:: INFORMATION PROVIDED ::
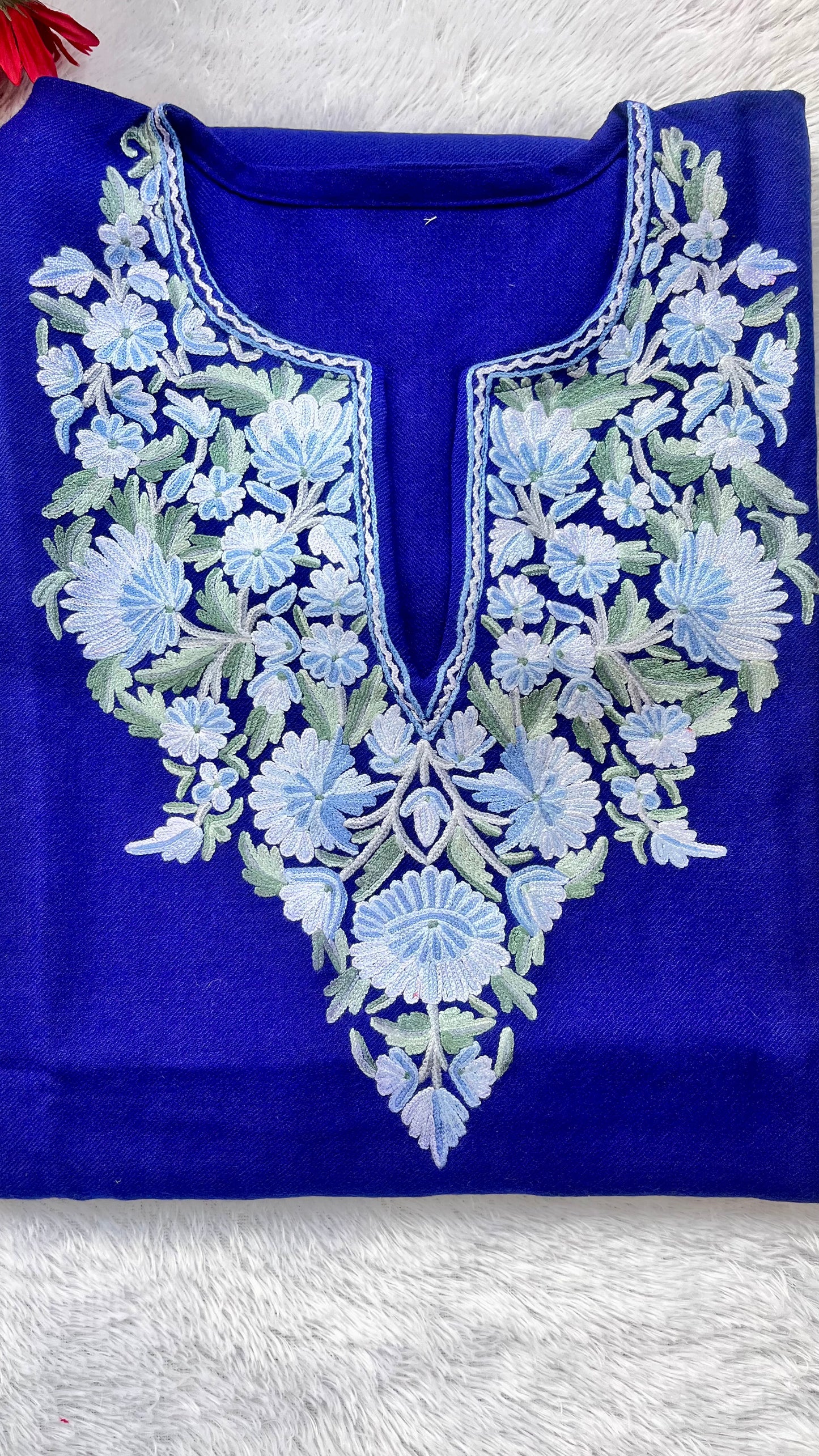 Ink Blue Aari Hand Embroidered Pure Marino Wool Pheran with Pockets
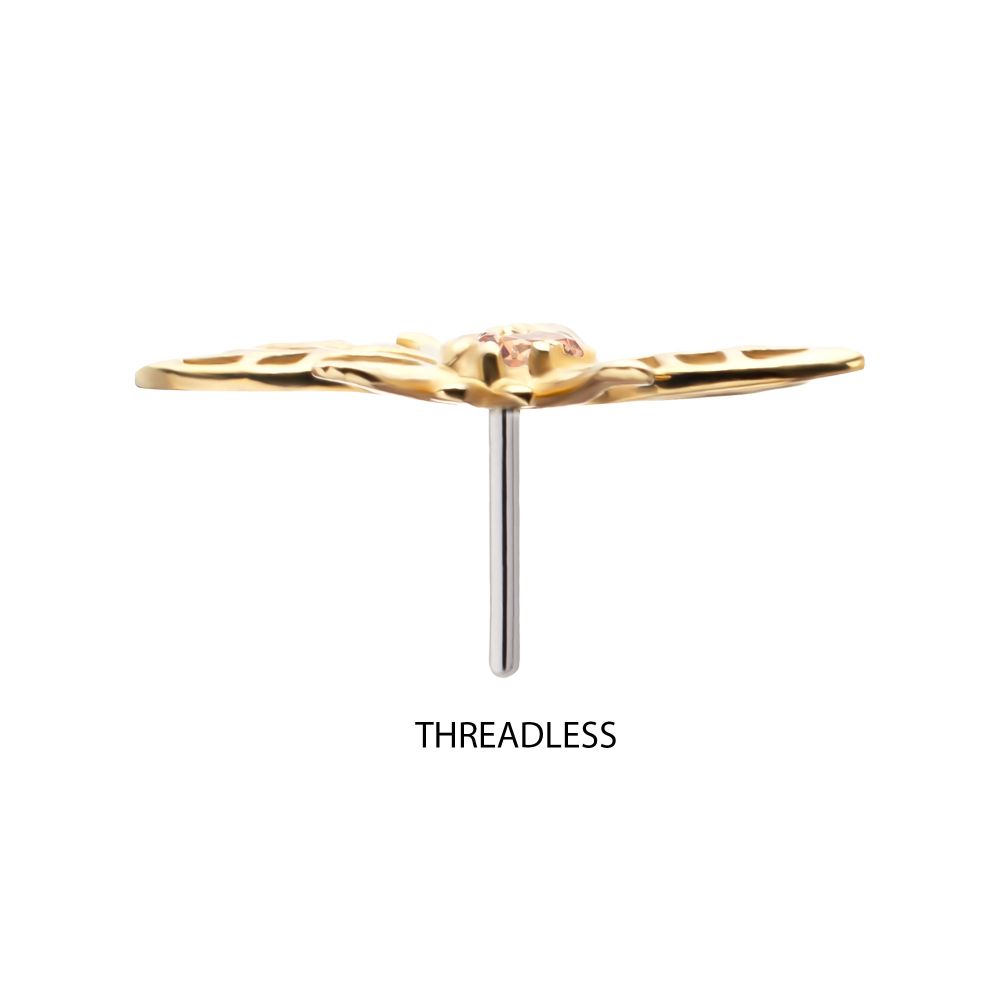 14Kt Yellow Gold Threadless Prong Set Gem Hollow Cut Bee Top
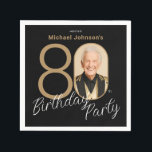 Photo Black Gold Elegant Custom 80th Birthday  Napkins<br><div class="desc">Photo Black Gold Elegant Custom 80th Birthday Napkins. Elevate your milestone celebration with an invitation design that epitomizes understated elegance and chic minimalism. Our black and gold theme exudes sophistication, creating a refined atmosphere for your special day. The custom photo feature adds a personalized touch, ensuring that each invitation is...</div>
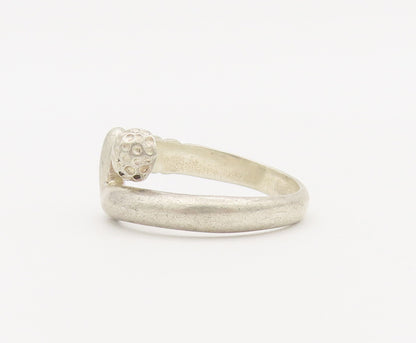 925 Sterling Silver Vintage Ring Dented Head Bypass Lock Carved Sz 8  RG27842
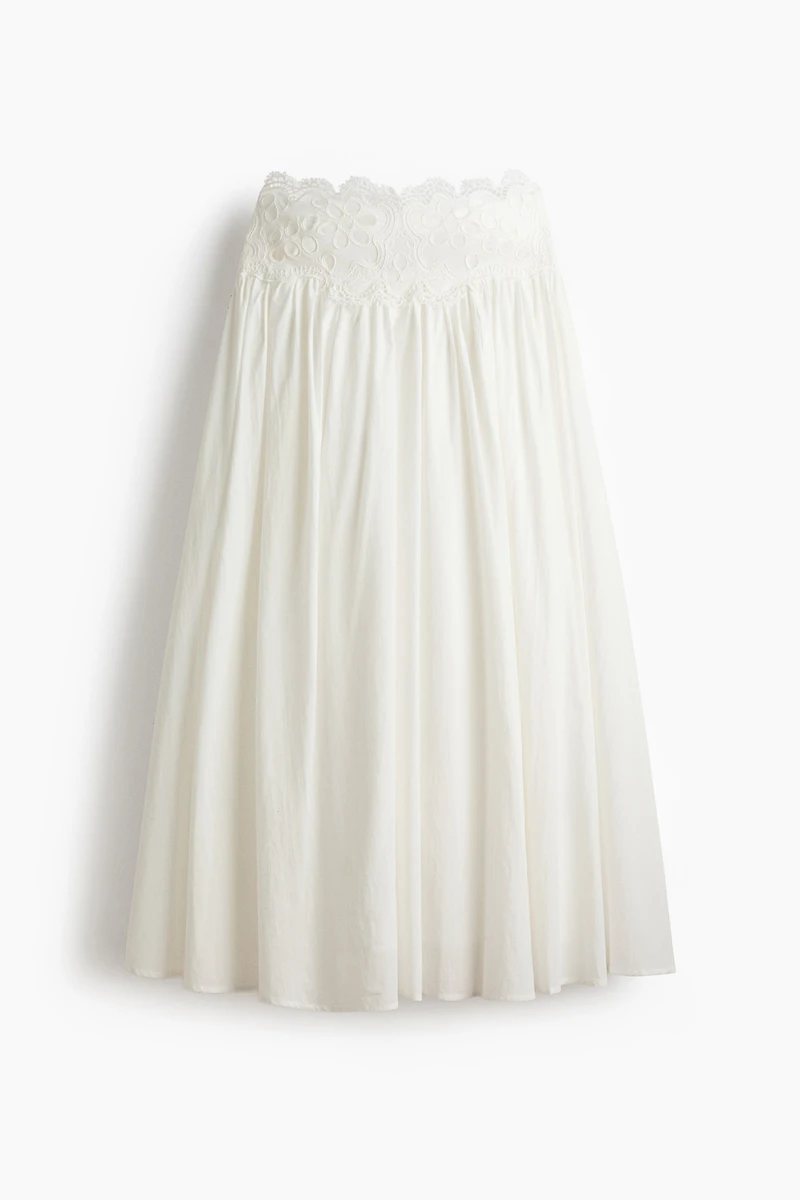 Lace-Detail Cotton Skirt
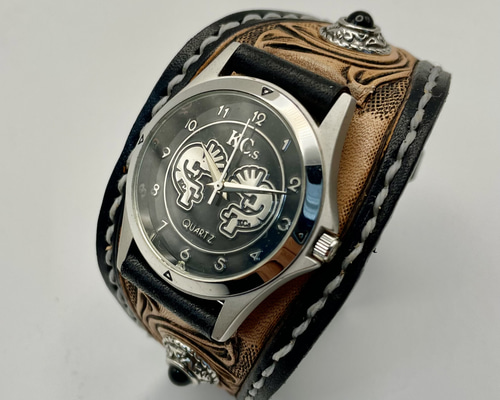 ハンドメイド レザーバンド腕時計【KC'sクオーツムーブメント使用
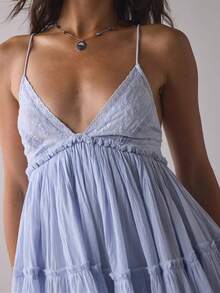 Women Lace Trim Mini Cami Dress Spaghetti Strap Square Neck Short Dress Boho Loose Flowy Backless Babydoll Dresses - 藍色 - 查看 3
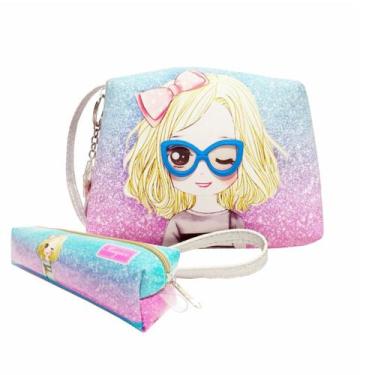 Imagem de Kit Infantil Bolsa e Estojo Menininha Com Óculos com, Magicc Bolsas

:: TASK PROMPT ::
Each record above is to be copied exactly. Drop the pictures.

:: SOLUTION FOR THIS TASK ::
 Ink Blue Aari Hand Embroidered Pure Marino Wool Pheran with Pockets
 14Kt Yellow Gold Threadless Prong Set Gem Hollow Cut Bee Top
 Photo Black Gold Elegant Custom 80th Birthday  Napkins<br><div class="desc">Photo Black Gold Elegant Custom 80th Birthday Napkins. Elevate your milestone celebration with an invitation design that epitomizes understated elegance and chic minimalism. Our black and gold theme exudes sophistication, creating a refined atmosphere for your special day. The custom photo feature adds a personalized touch, ensuring that each invitation is...</div>
 925 Sterling Silver Vintage Ring Dented Head Bypass Lock Carved Sz 8  RG27842
 Lace-Detail Cotton Skirt
 ハンドメイド レザーバンド腕時計【KC'sクオーツムーブメント使用
 Women Lace Trim Mini Cami Dress Spaghetti Strap Square Neck Short Dress Boho Loose Flowy Backless Babydoll Dresses - 藍色 - 查看 3
 Imagem de Kit Infantil Bolsa e Estojo Menininha Com Óculos com, Magicc Bolsas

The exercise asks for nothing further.